Instructions for the task: Please, in the data that follows, copy exactly the lines from the line with "Saniertes Appartement mit" through the last one, both included. Do not include pictures.

Available data:
*** Block opens ***

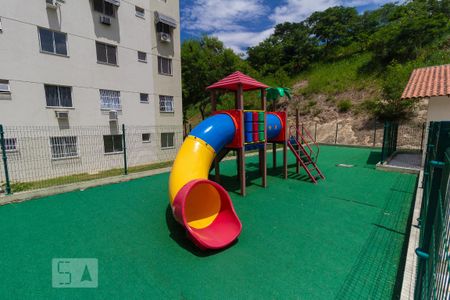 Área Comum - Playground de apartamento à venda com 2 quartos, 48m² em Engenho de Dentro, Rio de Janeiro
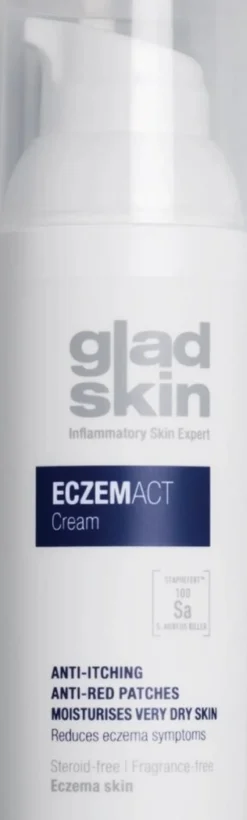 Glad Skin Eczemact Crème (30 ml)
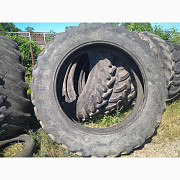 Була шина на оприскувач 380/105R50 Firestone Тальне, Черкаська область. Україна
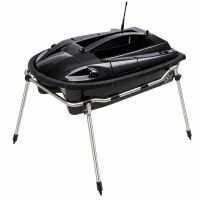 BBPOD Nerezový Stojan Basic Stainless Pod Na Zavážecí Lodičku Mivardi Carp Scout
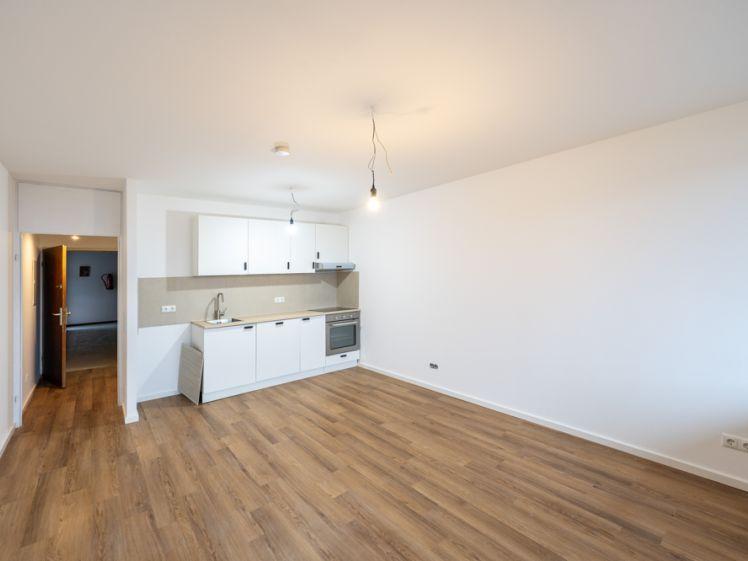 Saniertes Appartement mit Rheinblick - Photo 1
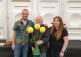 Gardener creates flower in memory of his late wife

*** Block closes ***

Expected answer:
 Saniertes Appartement mit Rheinblick - Photo 1
 Gardener creates flower in memory of his late wife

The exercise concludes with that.